Shirin Neshat at the Hirshhorn


There is a moment in artist Shirin Neshat’s short film, “Munis,” where a dead man is lying on the ground of an empty stone courtyard beside a dead woman. “In place of past and remembrance,” says the dead man, speaking in Persian, “all that remains are my dreams.” The scene is a sort of magical encounter between the recently deceased, and the statement is not so much a symbol for anything as a blunt expression of sociological displacement.

The short film follows Munis, a young Iranian woman in Tehran in the summer of 1953, as she listens to radio reports of clashes between supporters of the Mosaddeq government and unnamed “opposition groups” aided by “foreign forces.” As the radio conveys Mosaddeq’s exhortation to the Iranian people to “stand firm,” Munis’s brother enters, chastising her to get ready to meet a potential suitor.
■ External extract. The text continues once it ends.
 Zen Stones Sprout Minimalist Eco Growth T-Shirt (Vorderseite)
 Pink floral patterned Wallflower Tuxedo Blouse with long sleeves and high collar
She ignores him, but he yanks the cord from the radio, severing her only link to the outside world.

Stepping outside to the rooftop of their home, she listens to protestors chanting in the distance. Munis then looks down to see an injured demonstrator collapse on the street below. She stares at him for a long moment, and then leans forward and falls silently to her death — or rather, she drifts weightlessly as a feather to the ground.

Lying beside the dead man on the ground, Munis’s conversation with the dead man commences. She comes into his dream, and we find her suddenly amid a throng of proShah demonstrators, at first observing and then shaking her fists and yelling slogans of resistance as the crowd is ruthlessly dispersed by the military. Only in death can she finally participate in the strange carnival of political unrest.

It is impossible to disentangle Shirin Neshat’s work and biography from the turbulent recent history of Iran, the country where she was born in 1957 and lived until 1975. As she herself observes, “Every Iranian artist is, in one way or another, political. Politics has defined our lives.”

“Shirin Neshat: Facing History,” now on view (through Sept. 20) at the Hirshhorn Museum, seeks to illuminate the political and cultural influences that have informed Neshat’s creative life. The first Hirshhorn exhibition organized under the directorship of Melissa Chiu, the show confronts the complex cultural dynamics of our day with work that offers a transnational perspective, an invaluable perspective for understanding the contemporary art world.

Presenting Neshat’s work in a sequence that allows viewers to experience an unfolding of history through the artist’s eyes, the exhibition opens with “Munis” (2008), set in 1953 during the coup that ousted Prime Minister Mohammad Mosaddeq from power and consolidated the rule of Mohammad Reza Shah Pahlavi. It then moves to the photographic and video works Neshat made in response to her first visits to Iran since the establishment of the Islamic Republic in 1979. Finally it progresses to her monumental photographic series, “The Book of Kings” and “Our House Is On Fire,” created in the wake of the Iranian Green Movement protests of 2009 and the subsequent Arab Spring uprisings across the Middle East.

Consistent in all of these works is Neshat’s depiction of women as a sometimes hidden, but potent, source of resistance and strength. Often in contrast to their male counterparts, Neshat’s female characters are rebellious, always taking action.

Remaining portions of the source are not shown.